Tips & Tricks
Using an application fluid can aid the application of a vinyl films that have an aggressive adhesive system. The application fluid helps float the graphic onto the surface, to prevent pre-adhesion (the vinyl sticking before you want it to). Application fluid also allows an installer to easily reposition the graphics without distortion. Here are some things that you should not do with application fluid.
- Don’t use application fluid, if you can install the graphics dry.
- Don’t use too much application fluid. The rule of thumb is to use the least amount to accomplish the task. If the application tape gets too wet the adhesive can delaminate from the tape. Cleaning this residual adhesive can be annoying and time-consuming.
- Don’t use application fluid to apply vinyl to surfaces with rivets. Application fluid collects underneath rivet heads, creating a residue that later seeps out. This causes vinyl to tent and eventually crack. Fluid under trailer-panel seams can also cause edge lifting.

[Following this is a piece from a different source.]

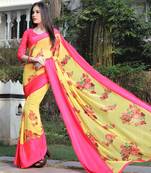 Shaily Multicolor Printed Satin Saree With Blouse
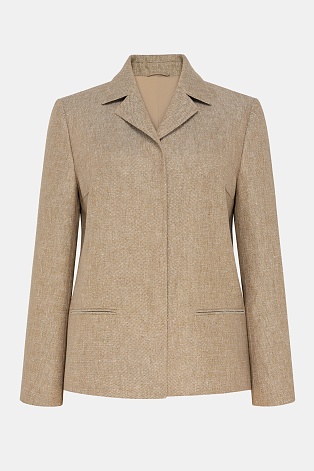 Куртка-жакет изо льна, бежево-коричневый меланж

- Don’t use application fluid to install graphics with a metallization layer, such as reflective sheeting or Vinylefx® films. The application fluid can cause delamination of the face-stock's adhesive and accelerate galvanic corrosion.
- Don’t dilute a commercial application fluid with water. If you dilute your application fluid, you'll dilute the adhesion-promoting characteristics.
- Don’t use glass cleaner as an application fluid. Some glass cleaners contain silicone, ammonia and other additives that can impair adhesion (Windex isn't even recommended for preparing the application surface).
- Don't waste your time trying to duplicate a commercial application fluid. Commercial application fluids are worth the investment because the formulations' quality and consistency yield consistent results. Some popular products on the market today include Rapid Tac, Rapid Tac II, Splash, Actiontac, Window Juice, Quick Stick and Position Perfect. Dishwashing liquid and similar soaps contain additives such as surfactants, emulsifiers, moisturizers and perfumes, all of which are detrimental to an adhesive. Surfactants, for example, help cleaners break dirt's bond with the substrate. They have the same effect on adhesives, causing bonding failure and edge lifting.
- Do not perform a wet application when using an air-egress vinyl. These repositionable vinyl films have micro tunnels embossed in their adhesives. These tunnels will trap application fluid that will most likely result in adhesion failure. Air-egress vinyls are easy to reposition. There no reason to use an application fluid when installing these films.